Saturday, June 12, 2010

A botched block

I've been watching the World Cup today. I'm thrilled that the USA did well against England. However, I feel sorry for the English goalie whose botched block enabled the USA to score and, thus, the match ended in a tie. I think all of us are capable of a botched occurrence. I know that I've had many. I hope the goalie can move on and not let this get in his way. He has to be an excellent player even to have made the team. Perhaps only those who are as excellent a player as he, have earned the right to make their comments and criticisms. That won't happen but, I wish it could--not only for his sake but mine and everyones as well.

Shalom,

Rick

Thursday, June 10, 2010

The mornings in my Office

I like the place where I work. The building is 100 years old this year. It is an old house that has been fixed up with heat/air conditioning, paint, wall paper, carpet, etc. Each room has a fireplace and even though they are no longer functional, the 'feel' is comfortable. I especially like getting to the office in the early mornings. The morning sun enters through my office windows and brightens up the whole area. During these early mornings the only sounds in the building are from a small water fountain on the bookcase in my office and a smooth jazz CD playing in the reception area. I like these times so I can sit silently being in wonder about the day and the people I'll meet. Sometimes, I read the Bible anticipating that the scriptures will work on me. Other times when I read the Bible I work on the scriptures with my mind seeking understanding and use of it's truths. I like my office, especially in the early mornings. Later in the day the building and offices will get busy with lots of people coming and going. I like that also but, it is different. I like my office, especially in the mornings. I hope everyone has a nurturing space.
Shalom,
Rick

Wednesday, June 9, 2010

Serenity

"Fill your bowl to the brim and it will spill.
Keep sharpening your knife and it will blunt.
Chase after money and security and your heart will never unclench.
Care about people's approval and you will be their prisoner.
Do your work, then step back,
The only path to serenity."
(from the Tao te Ching #9, translated by Stephen Mitchell)

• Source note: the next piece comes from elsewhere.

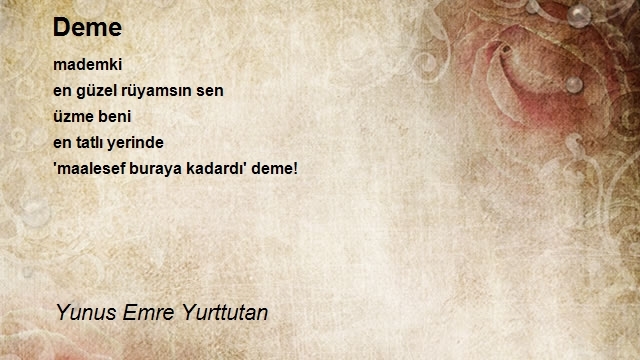 Yunus Emre Yurttutan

I like this quote because of it's ageless wisdom. I'm not certain that this is the only path to peace or serenity. Nevertheless, it is important to do my work and that my work is purposeful. Do it well then step back. It is crucial to know that who I am and my worth are not solely defined by what I do.

Monday, June 7, 2010

Gluttony and the oil spill

When I first read about the explosion on the Gulf of Mexico's oil rig, I grieved for the 11 men and their families who died. After a few days I had difficulty understanding why BP and/or the government couldn't stop the 'leak.' I've not found another word to replace 'leak' as that word doesn't seem to do justice to the large amount of oil rushing in the waters. As I watched images of the oil covered pelicans, the oil sheen and the oil washing into the marshes, I've grown frustrated and angry. I have listened to the interviews of the gulf coast residents whose work as well as life-styles have been significantly altered by this accident. Standing over against their ever growing loss is the BP's CEO whose compensation package was worth about $4.6 million in 2009 (see Lexington Herald-Leader, Eugene Robinson, June 6, 2010page D-1.)

I also began to think about the life-style to which I've grown accustomed with its dependency on oil based products such as gasoline, plastics, etc. My 'oil based' life style helped create the gluttony, dependency and demand that created a need for nearly 4,000 oil rigs in the Gulf of Mexico, only one of which has created such this accidental oil spill. I'm pretty sad and angry today.

Lord of Creation, I ask your forgiveness as I also ask for the wisdom and courage to live more simply so that others may also live.

Shalom,
Rick

Saturday, June 5, 2010

Greetings from a warm and humid front porch,
We've returned from our journey to Oklahoma. We took my brother, Bobby, who is mentally challenged, back to Shawnee and Norman Oklahoma where we grew up for his 65th birthday. He did exceedingly well with flying. He repeatedly told me that "I'm not anxious." When the plane would bank for a turn he would grab my arm and say, "I can see the ground but I'm not anxious." He couldn't understand why the men and women, i.e., "policemen" at the airports wanted to see his shoes. He thought it was funny to want to look at peoples shoes. We visited cousins, 2nd cousins, the two former homes that were still standing (the other 2 have been removed so as to make church parking lots), our parents and grandparents graves, etc. We also visited the OU football stadium in Norman and ate at Hamburger King in Shawnee. We remembered, told stories, saw relatives we haven't seen in years and it was very good.

This afternoon we are going to celebrate a 50th wedding anniversary of some friends. We've known them thirty plus years. Been with them through deaths, weddings, divorces, illnesses, etc. We've been their pastor most of those 30 plus years. Their celebration will bring together family and many friends some of which we've not seen in several years.

As one who practices and teaches mindfulness, I (Rick) try to stay focused on the present. God is alive with me in this present moment as God is also present in my memories and future story. The trip and wedding celebration, however, have me focused on my memories of the past. Those memories remind me again of who I am because of loving family and friends who help to mold me and upon whose shoulders I stand with whatever gifts, abilities, interests, etc. with which I may have been granted by God. Deo gratis!

As we looked out over a Methodist parking lot that used to be our home, I wondered what they did with all of the OU football programs I collected through the mid-50s to mid-60s. Yes, I had collected every one of them and nailed them to the walls of my bedroom during that great run of victories for the Sooners. I have many other great memories of life around that house such as my first car--a Henry J. My friends and I pushed more than drove it. Nevertheless, I was proud of that automobile because I bought it for $50 which I had made from mowing lawns. I bet many of you have never heard of a Henry J. When the missionary Paul writes, "forgetting what lies behind," my theological reply during these past few days has been "Sorry," Paul "but those were pleasant memories of what's behind and I don't want to forget them completely." However, neither do I want to live in the past because the present is so exciting and the future is promising.

Remember that You are God's Gift and you possess many gifts. Just keep in mind that without the Gift, that is you, the gifts are not longer available. So take care of yourselves.